Consolidate debt debt consolidation online consolidating
Secured personal loans allow you to access more money (up to ,000 compared to only ,000 with an unsecured loan), which is ideal if you’re consolidating high credit card or loan balances.Plus, secured loans come with a lower interest rate and more affordable payments allowing you to reduce the amount of interest you’ll pay on your debt overall. You likely want to consider credit card consolidation if you’re consistently only making minimum payments on your credit card balance.Working with a Lending Specialist, David learned that not only could he get the money for his truck, but he could also consolidate his credit card debt and save hundreds of dollars a year.David left his branch feeling relieved, with an affordable personal loan and greater control over his debt.On top of this, consistently carrying a high credit card balance can negatively impact your credit score, and it increases your debt to income ratio.

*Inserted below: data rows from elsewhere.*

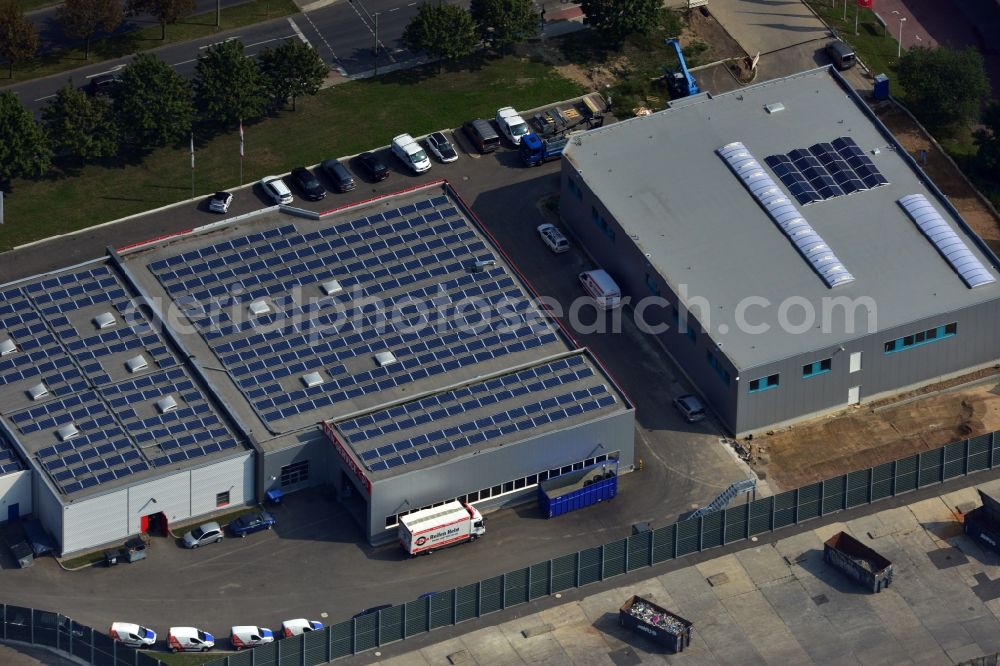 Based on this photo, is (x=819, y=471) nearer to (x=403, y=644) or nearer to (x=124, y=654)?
(x=403, y=644)

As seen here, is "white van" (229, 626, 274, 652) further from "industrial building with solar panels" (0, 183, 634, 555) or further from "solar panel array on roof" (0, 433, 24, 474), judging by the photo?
"solar panel array on roof" (0, 433, 24, 474)

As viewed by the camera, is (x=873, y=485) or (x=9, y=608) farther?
(x=873, y=485)

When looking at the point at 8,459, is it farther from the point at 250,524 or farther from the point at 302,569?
the point at 302,569

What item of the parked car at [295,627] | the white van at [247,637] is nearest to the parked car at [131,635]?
the white van at [247,637]

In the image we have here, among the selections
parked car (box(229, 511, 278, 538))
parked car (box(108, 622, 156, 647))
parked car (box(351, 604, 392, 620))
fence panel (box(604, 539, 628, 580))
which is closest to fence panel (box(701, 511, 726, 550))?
fence panel (box(604, 539, 628, 580))

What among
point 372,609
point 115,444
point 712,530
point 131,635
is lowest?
point 372,609

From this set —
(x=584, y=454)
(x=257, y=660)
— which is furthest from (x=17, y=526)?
(x=584, y=454)

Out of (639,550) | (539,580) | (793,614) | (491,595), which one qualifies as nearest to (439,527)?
(491,595) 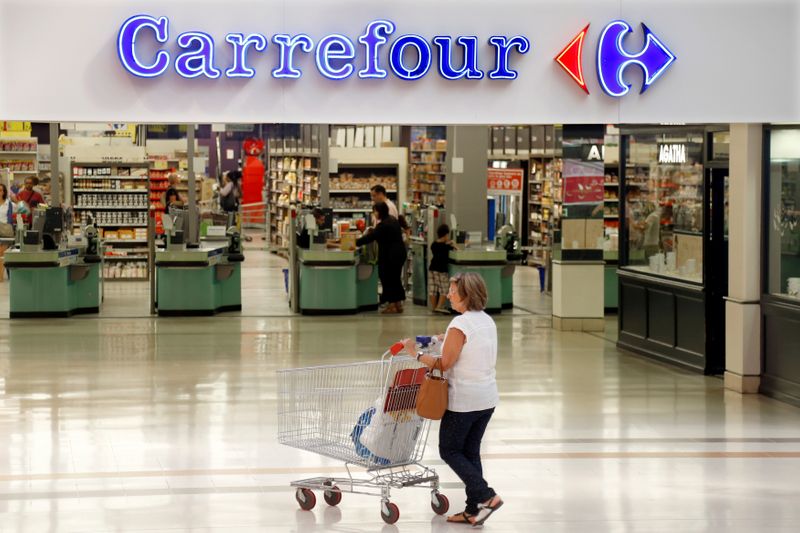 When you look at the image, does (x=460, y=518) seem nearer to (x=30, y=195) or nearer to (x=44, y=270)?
(x=44, y=270)

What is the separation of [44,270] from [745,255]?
8.62 meters

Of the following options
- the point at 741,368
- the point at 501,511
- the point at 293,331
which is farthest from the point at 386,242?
the point at 501,511

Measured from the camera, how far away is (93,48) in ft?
27.7

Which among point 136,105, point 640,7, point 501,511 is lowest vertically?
point 501,511

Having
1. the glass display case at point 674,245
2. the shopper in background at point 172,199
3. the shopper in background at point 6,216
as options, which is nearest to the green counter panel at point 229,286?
the shopper in background at point 172,199

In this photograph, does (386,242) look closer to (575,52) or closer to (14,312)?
(14,312)

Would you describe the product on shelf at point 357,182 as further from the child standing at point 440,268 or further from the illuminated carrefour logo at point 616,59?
the illuminated carrefour logo at point 616,59

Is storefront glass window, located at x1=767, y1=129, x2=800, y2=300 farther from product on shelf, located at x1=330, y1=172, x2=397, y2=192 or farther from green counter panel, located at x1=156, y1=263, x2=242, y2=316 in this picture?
product on shelf, located at x1=330, y1=172, x2=397, y2=192

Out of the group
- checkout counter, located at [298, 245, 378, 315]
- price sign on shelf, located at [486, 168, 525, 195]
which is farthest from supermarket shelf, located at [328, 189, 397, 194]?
checkout counter, located at [298, 245, 378, 315]

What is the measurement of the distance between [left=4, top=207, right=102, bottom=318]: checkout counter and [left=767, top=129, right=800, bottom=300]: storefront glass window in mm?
8591

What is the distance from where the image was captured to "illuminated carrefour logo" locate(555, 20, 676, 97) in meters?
8.91

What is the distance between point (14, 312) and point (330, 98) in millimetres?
7853

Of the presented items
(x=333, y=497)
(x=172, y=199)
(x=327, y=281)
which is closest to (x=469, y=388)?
(x=333, y=497)

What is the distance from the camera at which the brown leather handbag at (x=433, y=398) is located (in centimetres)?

Whether it’s a loan or line of credit, use that money to pay off all of the debts you're consolidating.
Depending on the type of consolidation, you may choose to take out a loan or open a line of credit at the new, favorable interest rate.
With a line of credit, you have continuous access to credit — such as a balance transfer to a more affordable credit card; the borrower can continue to borrow money at the lower rate in the future.
David needed to get his truck ready for winter, but money was tight.
On the advice of a friend, he visited his local Fairstone branch.